Elle a surtout invité à davantage de vigilance dans la surveillance des frontières, du fait de l’apparition du virus Ebola au Nigéria, un pays voisin du Cameroun avec lequel la Centrafrique initie beaucoup d’échanges commerciaux.

Pour Mme Samba-Maliavo, ne disposant pas les moyens comme les autres, le gouvernement centrafricain a beaucoup mis l’accent sur la surveillance épidémiologique et la prévention dans les frontières maritimes, terrestres et aériennes.
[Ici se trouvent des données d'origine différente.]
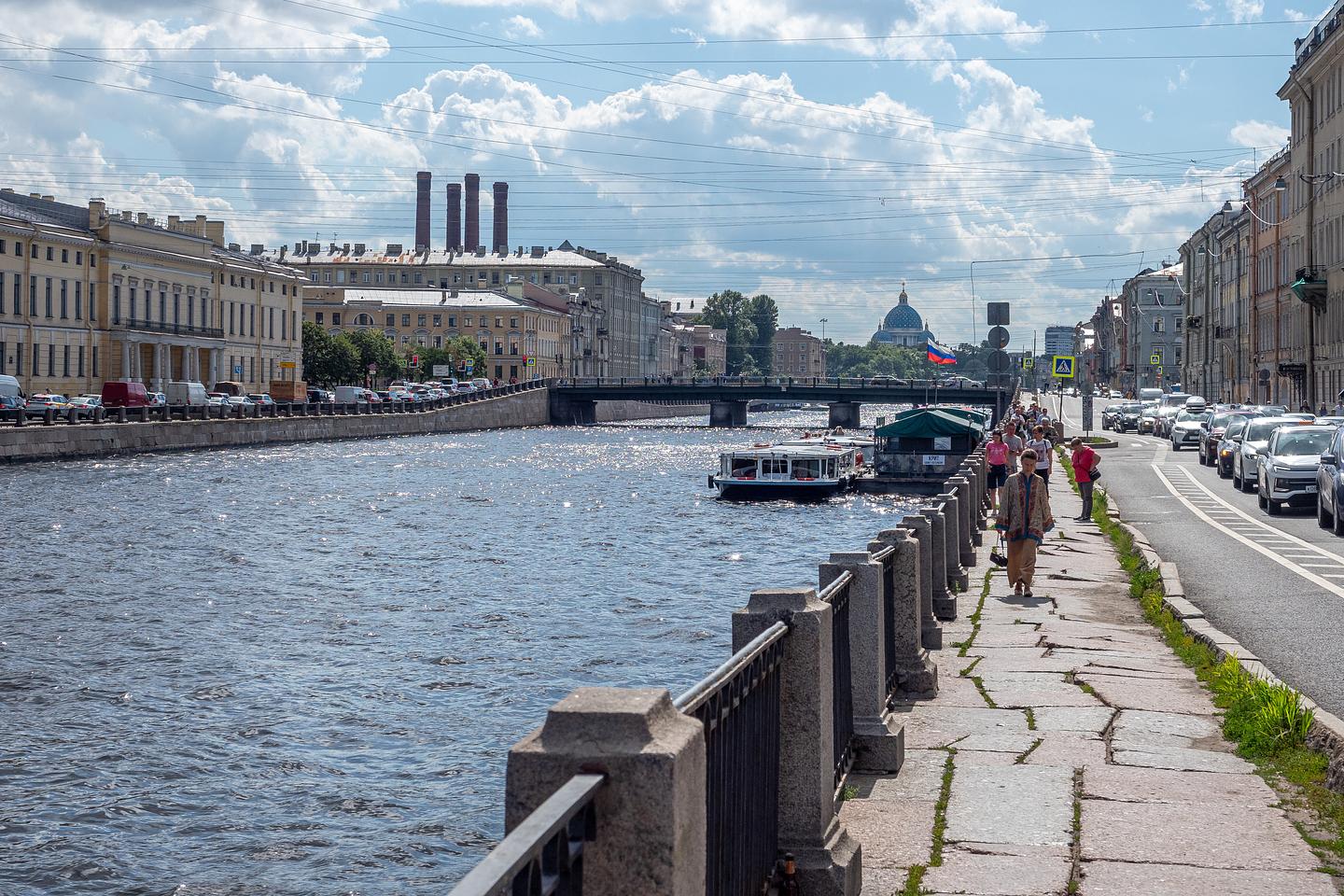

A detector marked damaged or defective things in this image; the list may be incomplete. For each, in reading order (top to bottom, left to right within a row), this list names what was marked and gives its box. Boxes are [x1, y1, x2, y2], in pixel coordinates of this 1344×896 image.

cracked pavement [838, 481, 1333, 891]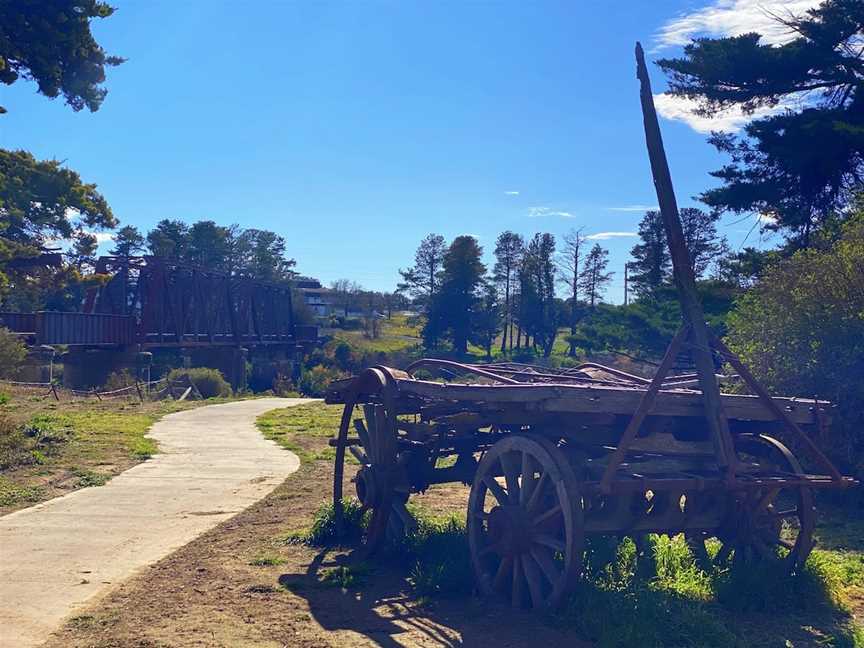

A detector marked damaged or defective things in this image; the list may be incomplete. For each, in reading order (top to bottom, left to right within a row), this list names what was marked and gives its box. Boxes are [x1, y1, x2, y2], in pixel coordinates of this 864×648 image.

« A l’aéroport il y a tout un dispositif sanitaire qui est mis en place. Nous avons installé des tentes où nous faisons systématiquement le contrôle de tous les passagers qui entrent en RCA. Nous allons aussi étendre ces dispositifs dans d’autres frontières. Parce que nous n’avons pas que des frontières aériennes » a-t-elle expliqué.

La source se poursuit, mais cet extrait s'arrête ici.